Todas estas áreas de pensamento e todo questionamento que se lhes associa encontra-se patente nas várias secções competitivas do festival, assim como nos focos de autor e em toda a programação paralela (com especial destaque para as séries de conversas do Fórum do Real e do Call to Action). Este ano, mais do que nunca, a diversidade cultural dos filmes escolhidos procura radiografar os tumultos do mundo, ora a partir de uma perspetiva intimista e puramente subjetiva, ora a partir das suas possibilidades revolucionárias. O que importa sublinhar é que estes filmes – todos eles, cada um à sua maneira – são filmes feitos em liberdade e pela liberdade. 

Ao fim de dez anos, o festival chega, finalmente, à sala de cinema pela qual aguardou desde o primeiro dia: o Batalha Centro de Cinema. A mais antiga sala da cidade – e uma das mais antigas salas de cinema do mundo –, onde cinema é sinónimo de encontro. É, por isso, uma enorme felicidade poder chegar a este espaço com a forte intenção de transformar o festival num momento de aproximação à cidade e às suas pessoas e – mais importante – um meio de aproximar as pessoas umas das outras através do poder singular do cinema enquanto arte simultaneamente popular e cívica. A sombra funesta da pandemia, que impôs a hegemonia do imaginário audiovisual do streaming e da televisão, ainda se abate sobre um grande número de espectadores. Há que recuperar a sala de cinema como espaço de agregação social, ponto de encontro e local de reflexão e partilha. Para isso é preciso – cada vez mais – reaprender a contar histórias. Com esse intuito, preparámos este ano o programa temático Onde andam os nossos contadores de histórias? e o ciclo de celebração dos cinquenta anos do hip hop, que nasceu precisamente como forma de revolta às formas de dominação cultural, social e estética. Acreditamos que se contam histórias através de imagens, mas também, através de palavras, de melodias e da expressão corporal.

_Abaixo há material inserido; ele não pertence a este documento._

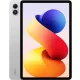Xiaomi REDMI PAD 2 PRO 8/256GB SILVER tablet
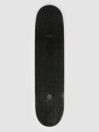 Element Forman Peace 8.0″ Skateboard Deck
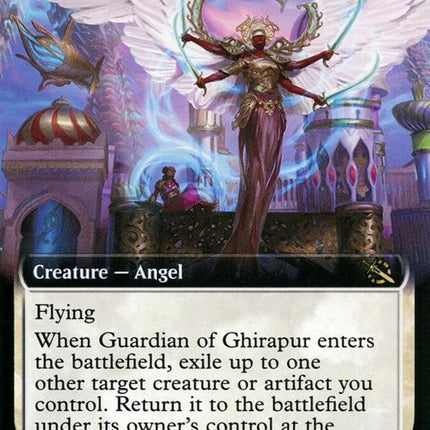 345-guardianofghirapur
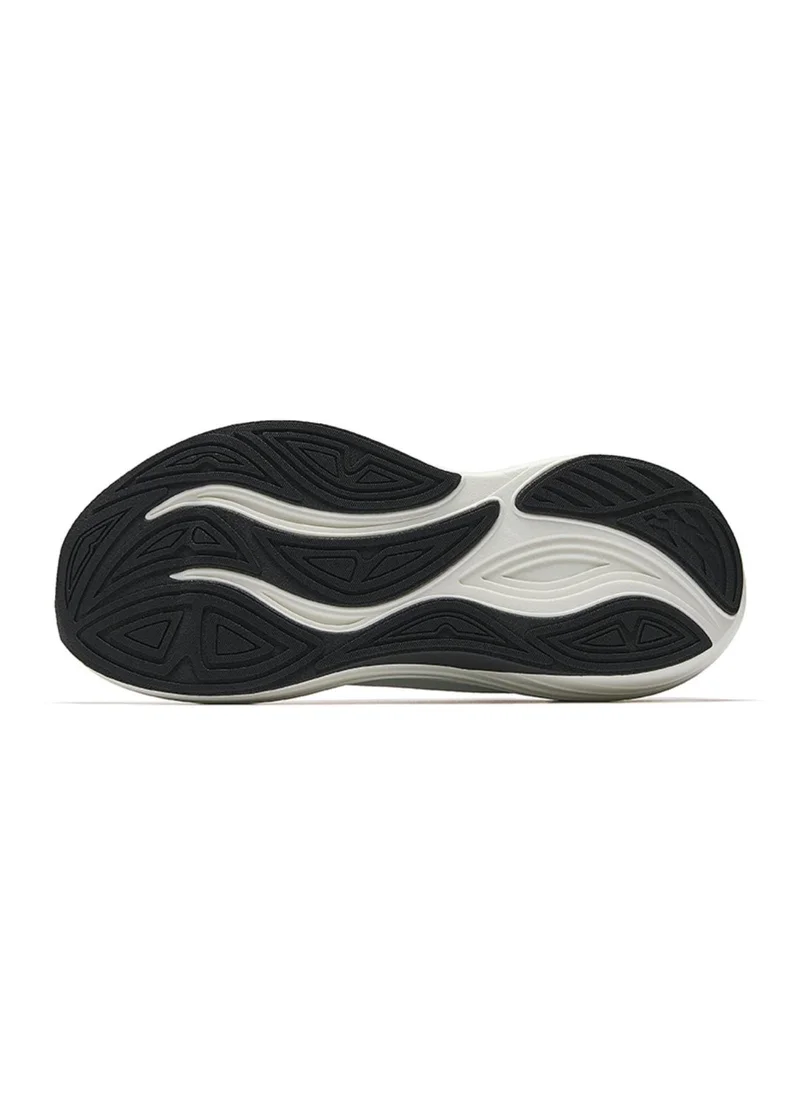 ANTA JOURNEY WALKER 2S Running Shoes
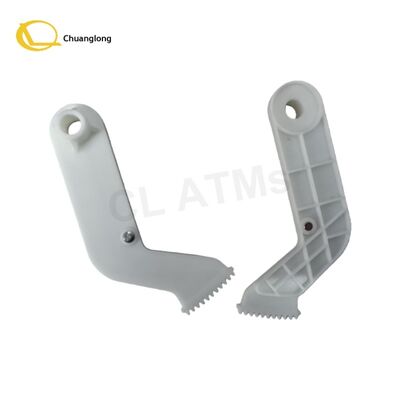 Dobra cena 445-0667278 4450667278 Maszyna bankomatu części zamienne NCR części bankomatu napęd Segment Assy Wysoka jakość w Internecie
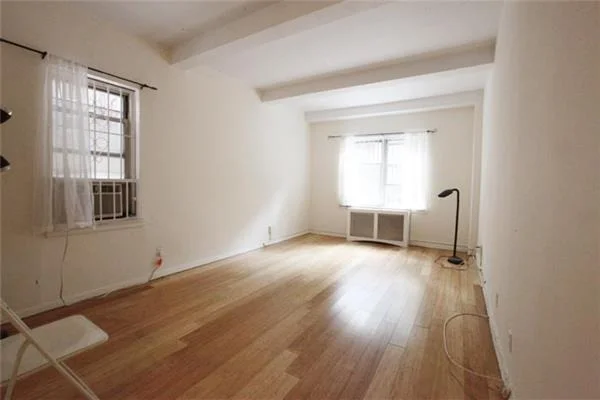 Unit for sale at 100 Park Terrace W, Manhattan, NY 10034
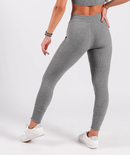 Winnerforce Women Floral Pant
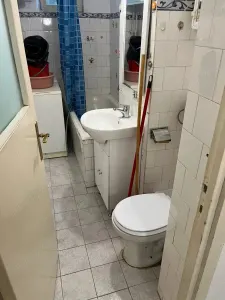 3 camere etaj 2 linga Iulius Mall - foto 3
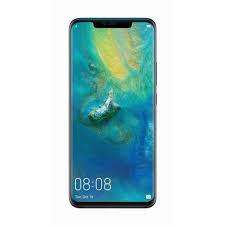 Huawei Mate 20 Pro + Huawei Freebuds 2 Pro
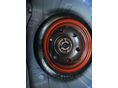 HYUNDAI I20 2011/8 - 14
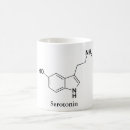 Search for molecular biology mugs Chemistry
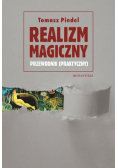 Realizm magiczny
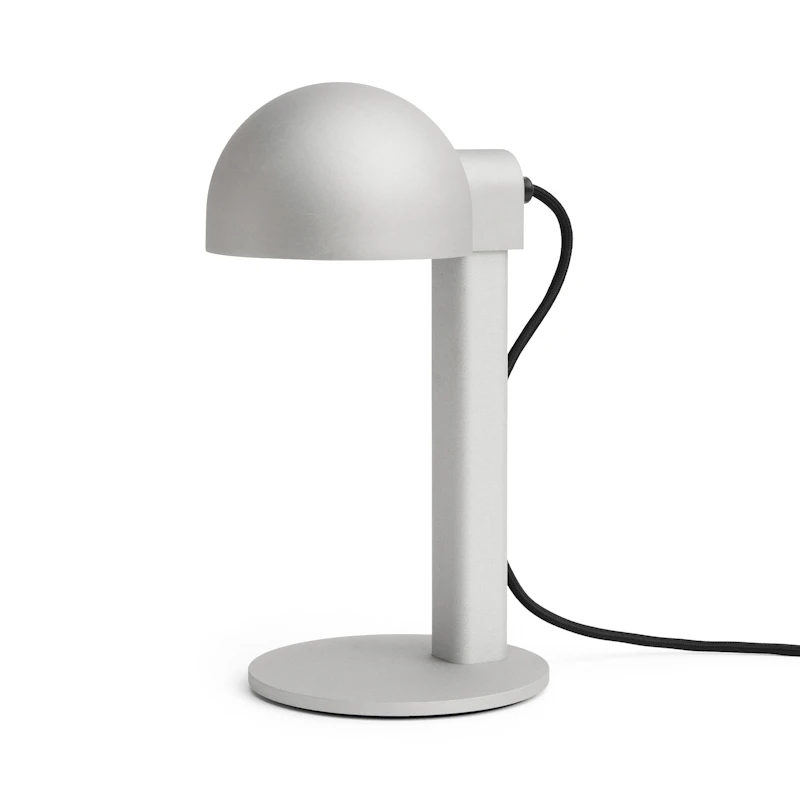 Posto Table Lamp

O Porto/Post/Doc volta, ainda, a reforçar as suas atividades de fomento à produção cinematográfica (em particular no Norte de Portugal e na Galiza), promovendo a reunião de artistas e profissionais da indústria cinematográfica através de encontros de coprodução, de desenvolvimento de projetos (Arché-Porto) e, mais importante, do financiamento de novas produções sobre os heróis esquecidos da cidade do Porto, os trabalhadores (Working Class Heroes). Ao longo dos vários dias do festival, ora através dos eventos propostas na secção da Indústria, ora através das formações promovidas pelo 180 Media Lab e pelo novo Laboratório de Crítica, pretende-se uma consolidação do tecido crítico, reflexivo e mediático, consciencializando os atores do universo da comunicação do seu papel enquanto mediadores culturais. Por fim, os estudantes de cinema, os mais jovens e o público curioso, podem descobrir as novas promessas do cinema nacional (Cinema Novo) e uma programação pensada especificamente para escolas e famílias.

Venham descobrir-nos no novo Batalha. Esta é a casa de todos, a casa do Cinema.